There are places in London that fail to be noticed because they’re protected not just by wealth but by class. You might find yourself in an elegant street filled with architecturally fascinating houses, but the urge to hurry on is encouraged by private security guards or a look about the place that says ‘You have no business here.’

The Albany (or simply, ‘Albany’) is rather unusual. You don’t find many photos of it online, probably because there are lots of rules and regulations; ‘no whistling, no noise, no publicity’. It’s a three story ‘bachelor apartment complex’ built five years before the American declaration of Independence, in plain sight right on Piccadilly, yet few people notice it. It was occupied by Prince Frederick, Duke of York and Albany (hence the confusion over the definite article; residents favour dropping it) and subsequently turned into 69 apartments or ‘sets’.

From the entry off Piccadilly the vista that opens before you is complete and timeless, but in keeping with the period it’s mostly for show. Like a lot of prestigious old London properties the back of the building is unattractive. But lying to the east of the Burlington Arcade and the Royal Academy of Arts, a minute’s walk from Piccadilly Circus, Albany might be fifty miles away from London. It’s in complete contrast to the chaos of Piccadilly Circus, yet situated right within it.

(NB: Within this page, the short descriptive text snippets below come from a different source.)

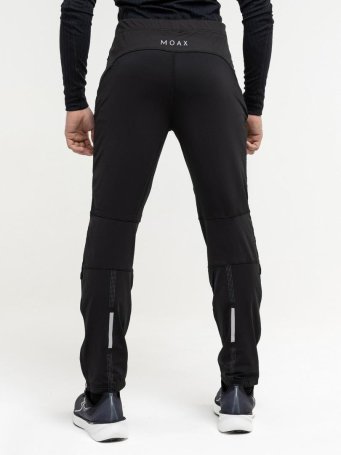 Брюки MOAX Dickson Wind муж. MX364221/10000 черный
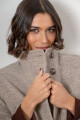 Campera gales Visón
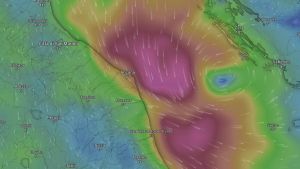 Ciclone artico sulle Marche: in arrivo neve a bassa quota e temporali con vento e freddo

So who can’t live here? Anyone with less than a couple of million – the sets vary in size but the smallest are very small indeed and not much of a bargain. A larger one on two floors will set you back about five million, but they’re still smallish. You buy into Albany because of the prestige. There are no children under 14 and you no longer have to be a bachelor, but residents are vetted – unusually for London – by a daunting residents’ committee. That means no riff-raff, which in turn means it’s about class, not money, although times have changed a little on that score.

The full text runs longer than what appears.